Does Bankruptcy Toll the Statute of Limitations? 108c Top Points
Does bankruptcy’s automatic stay toll a statute of limitations for a creditor’s claim or judgment, or extend it in Calif and beyond. What to know.
When a bankruptcy is dismissed or discharged, is the statute of limitations tolled on an earlier claim by the automatic stay, and suspended? Or is the statute of limitations extended by a few weeks with just a little bit of time tacked on? The answer could make a big difference on how much time the creditor has the act on their claim, lawsuit, lien, or other collection actions.
Automatic Stay giveth, but what does it take away?
You probably already know there’s bankruptcy protection in 11 USC 362 called the automatic stay. In short, this means that once a bankruptcy is filed, all collections against the debtor have to stop. This is powerful and effective. In a typical case that successfully ends with discharge, the debt is no longer collectable, ever.
However, sometimes a Chapter 13 bankruptcy — sort of a years-long debt consolidation — doesn’t make it to discharge. If the case is dismissed, what happens to the statute of limitation timing on claims and judgments before the bankruptcy? Is the statute tolled (suspended), or is the timeline to collect extended?
Suspend: Tolling of the Statute of Limitations
Suspension would involve tolling the statute of limitations for the time in bankruptcy. A common example would be in California. Here, there’s a four-year statute of limitations for breach of contract. If three of those years have run, and then someone files Chapter 13 for two years before it’s dismissed, how much time remains to collect? If the statute was suspended or tolled, there would still be a year to file a law suit against debtor, post-bankruptcy.
Extend: Add some time to collect after bankruptcy.
Extension of time would be tacking on additional time to prosecute the case and file the lawsuit after the dismissal of the bankruptcy.
Let’s look at the law and see what it says for guidance.
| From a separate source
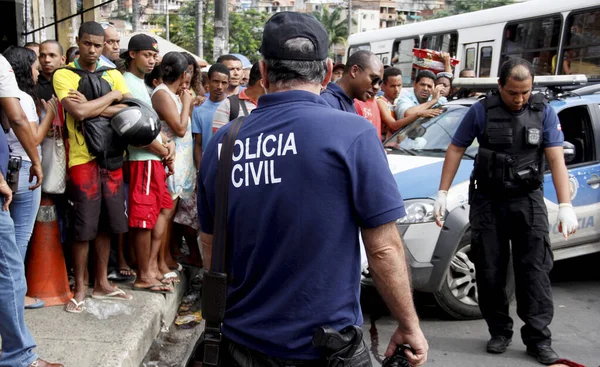 Salvador Bahia Brazilský Srpna 2014 Techničtí Policisté Vyšetřují Tělo Zavražděného — Stock fotografie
Bankruptcy Code 11 USC 108
Section 108(c) of the Bankruptcy Code says:
…if applicable nonbankruptcy law, an order entered in a nonbankruptcy proceeding, or an agreement fixes a period for commencing or continuing a civil action in a court other than a bankruptcy court on a claim against the debtor, or against an individual with respect to which such individual is protected under section 1201 or 1301 of this title, and such period has not expired before the date of the filing of the petition, then such period does not expire until the later of—
(1) the end of such period, including any suspension of such period occurring on or after the commencement of the case; or
(2) 30 days after notice of the termination or expiration of the stay under section 362, 922, 1201, or 1301 of this title, as the case may be, with respect to such claim.
What this means is that Section 108(c) kicks in regarding someone protected under Chapter 12 or Chapter 13 bankruptcies (1201 or 1301), so it wouldn’t apply in the more common Chapter 7 bankruptcy cases.
It also specifically says that the period to commence or continue an action against the debtor doesn’t expire until the later of (1) the suspension of the period; OR (2) 30 days after notice of the stay ended, which sounds like an extension.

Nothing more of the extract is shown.